Most of the time, the memory throughput of the hard drive and RAM is the
main performance constraint. UTF-8 is 50% smaller than UTF-16 for US-ASCII,
but UTF-8 is 50% larger than UTF-16 for East and South Asian scripts. There
is no memory difference for Latin extensions, Greek, Cyrillic, Hebrew, and
Arabic.
- shrinking icu
- good page on the data lib: http://userguide.icu-project.org/icudata
- section Customizing ICU's Data Library
- quoting:
Reducing the size of ICU's data by eliminating unneeded resources can
make sense on small systems with limited or no disk, but for desktop
or server systems there is no real advantage to trimming. ICU's data
is memory mapped into an application's address space, and only those
portions of the data actually being used are ever paged in, so there
are no significant RAM savings.
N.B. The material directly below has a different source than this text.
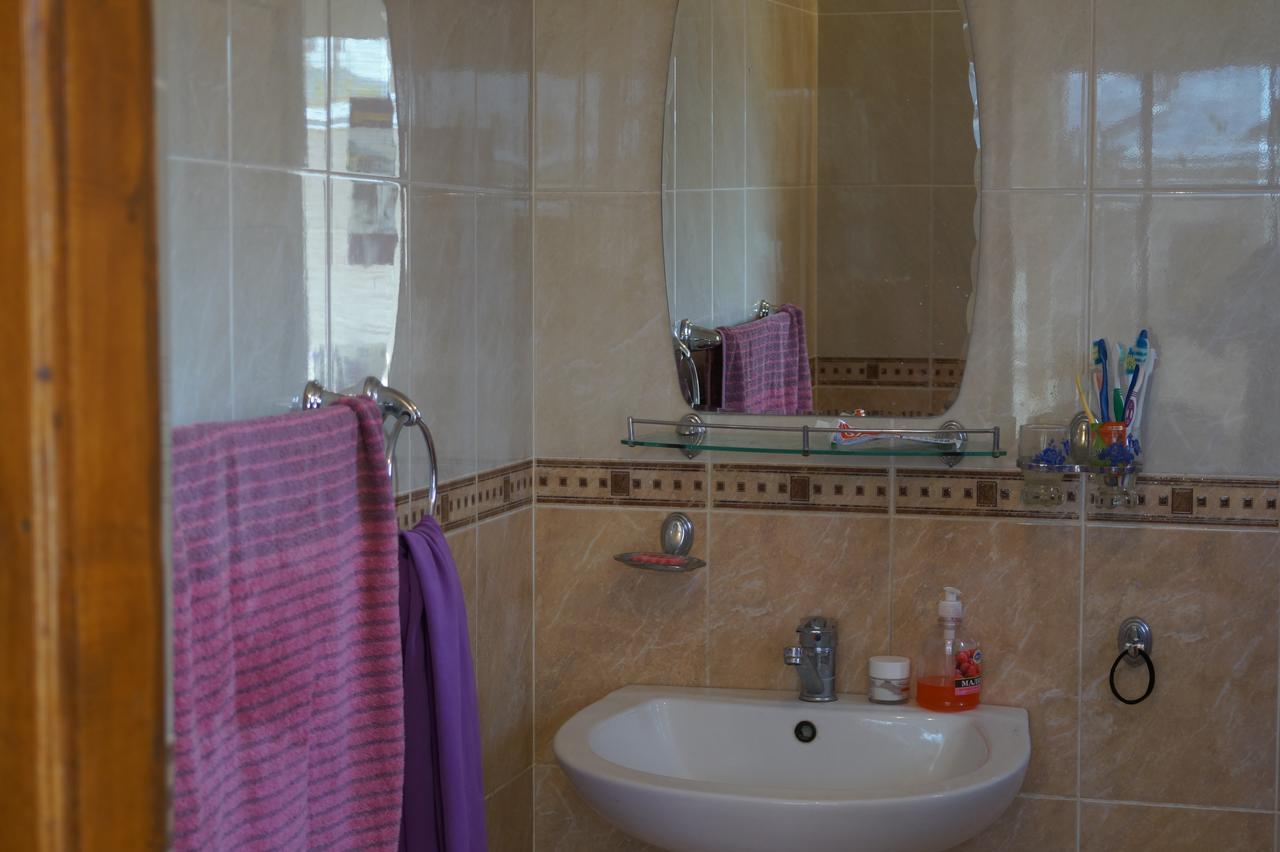 Guest House Guljan Bokonbayevo Luaran gambar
As for disk space, with the large size
of today's hard drives, saving a few MB is not worth the bother.
- fts
- rowid info
- general: http://www.sqlite.org/lang_createtable.html#rowid
- re: inserts: http://www.sqlite.org/autoinc.html
- don't appear to be any weirdnesses about giving rowids while inserting.
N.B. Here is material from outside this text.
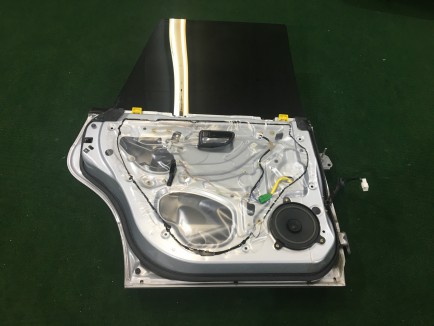 左后门 SUBARU LANCASTER OEM 60400AE430 BH9 2001 Silver 1U2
- quoting http://www.sqlite.org/fts3.html
The rowid of an FTS3 table behaves in the same way as the rowid column
of an ordinary SQLite table, except that the values stored in the rowid
column of an FTS3 table remain unchanged if the database is rebuilt
using the VACUUM command. For FTS3 tables, "docid" is allowed as an
alias along with the usual "rowid", "oid" and "_oid_"
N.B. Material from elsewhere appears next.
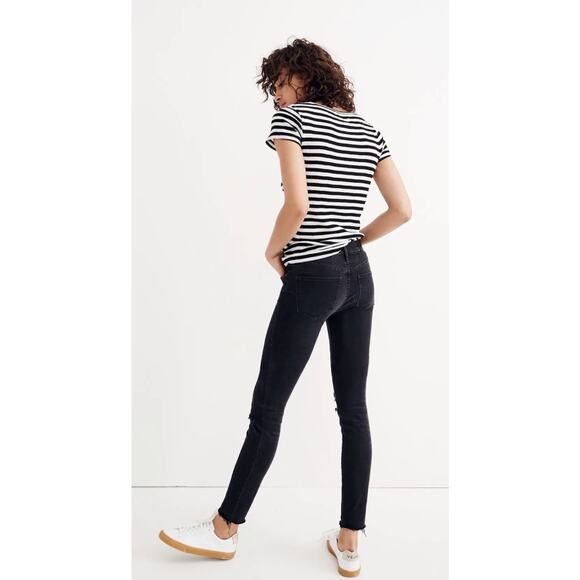 Madewell 9" Mid-Rise Skinny Jeans in Black Sea - Picture 2 of 8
identifiers. Attempting to insert or update a row with a docid value
that already exists in the table is an error, just as it would be with
an ordinary SQLite table.
- wait, what the fuck is this?
http://www.sqlite.org/fts3.html
a giant treatise on fts3. why hasn't this come up before? hmm, when was
it written? it uses a strange syntax for specifying tokenizers.
- fst index optimization:
Executing an SQL statement of the form "INSERT INTO
<fts3-table>(<fts3-table>) VALUES('optimize')" causes FTS3 to merge all
existing index b-trees into a single large b-tree containing the entire
index. This can be an expensive operation, but may speed up future
queries.
- re: perf of fst, quote from http://www.sqlite.org/fts3.html:
Then either of the two queries below may be executed to find the number of
documents in the database that contain the word "linux" (351). Using one
desktop PC hardware configuration, the query on the FTS3 table returns in
approximately 0.03 seconds, versus 22.5 for querying the ordinary table.
- hmm, you can match against cols, so could i stuff non-fts'ed stuff in an
fts table (like foreign keys) and just not use that col in queries?
probably it'll be indexed though.

- mar 16 2010
- fts
- autocomplete_match
- aVisitCount only used to short-circuit and negate match if it's 0 and
aSearchBehavior & HISTORY.
- similar with aTyped, if aSearchBehavior & TYPED.
- similar with aBookmark, if aSearchBehavior & BOOKMARK.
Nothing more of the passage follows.